Propelled by its own weight, pulled by gravity and roaring like a runaway freight train, the slide toppled downward at ever increasing speeds. It uprooted trees without hesitation and pushed boulders the size of small trucks as if they were marbles. In thirteen seconds, the slide denuded the mountainside and came to rest fifteen hundred feet below. A dark cloud of uplifted dirt, mixed with heavy fog, gave the impression there had been an explosion. The rumble ebbed and the cloud slowly settled. The silence that followed, in comparison, was deafening. Far from civilization, no one saw and no one heard nature spreading the weight of the weather's work. All things in the natural world were fighting for balance.
*
Billy pulled in behind a short line of vehicles at the north entrance station to the park. Two cars ahead, in a two-tone brown rental, an Asian child with his head out the rear window was making faces at a black couple in a blue Buick with Mississippi tags right behind. “Must all be lost,” Billy said. He laughed at his own joke, as intolerant of people of other cultures and colors as he was of bears. He belched and dropped an empty beer can, his fourth of the day, behind the seat of the pickup. He slid the sack of full cans under the passenger's seat with his boot. No sense looking for trouble, he thought.
His turn, finally, Billy pulled up to the station shack where he was greeted by a familiar smiling face. Jill was a seasonal employee of the Park Service and had been stationed at that entrance several weeks. “Hello, Mr. Walton. What brings you to the park today?”
“Had it out with the old lady,” Billy said, lying. “J
ust needed to go for a drive. Want to come along?” He grinned, proud of the way he handled his nerves.
She shrugged helplessly. “Wish I could but somebody's got to hold down the fort.”
“I imagine so,” Billy said. “Can't blame a fellow for trying.” He pressed the accelerator, heading through the gate. It was too bad she was a government employee. Otherwise, Billy thought, he might just show that little filly some western hospitality.
Rounding the curve, Billy looked into the rear view mirror to make sure he was out of sight of the entrance station. He reached under the seat and removed his fifth beer of the day. He popped the top, took a swig, and laughed.
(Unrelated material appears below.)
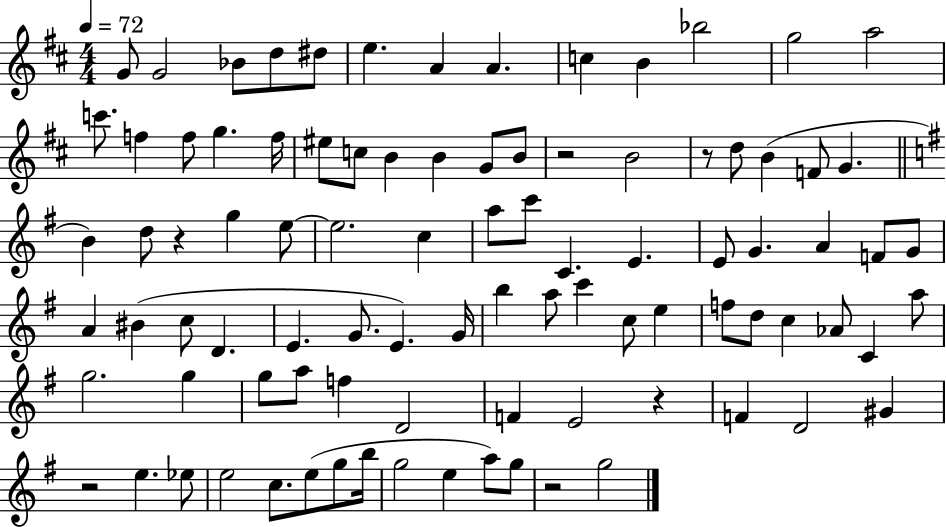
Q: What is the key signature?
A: D major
This was going to be fun, Billy thought.
Ten minutes later, his truck had climbed the nine hundred feet in elevation to the Mammoth Hot Springs complex. He parked in front of the gift shop and headed inside for a snack. Beer always made him hungry. Billy returned with an armload of munchies, tossed them onto the seat, and leaned against the pickup bed to light another cigarette.
A large green bus pulled noisily into the lot and parked at the base of the Main Terrace. Billy stared as the haggard-looking driver emerged from behind the sliding door. He jumped down quick and looked to the rancher, as if he was making an escape rather than just getting off. The reason was soon apparent as a flood of blue Scout uniforms followed. Billy didn't care for tourists but he had to admit this group was a hoot. That poor driver looked like he needed to kill somebody. The swarm of Cub Scouts raced from the Main Terrace, up the winding boardwalk trail, to the Upper Terrace of the Hot Springs. Like ghosts, the boys disappeared into the heavy bank of clouds hanging above the Mammoth complex. First they were there and then they were not. It was the strangest looking thing he'd ever seen. The hair stood up on Billy's arms and a chill worked its way up his spine.
“You silly fool,” he told himself, trying to shake the feeling of unease. Billy flipped the cigarette into a puddle. He started his truck and roared from the parking lot and up the road. The incline took him up, around the Terrace, and into the same cloud. He too vanished like a phantom.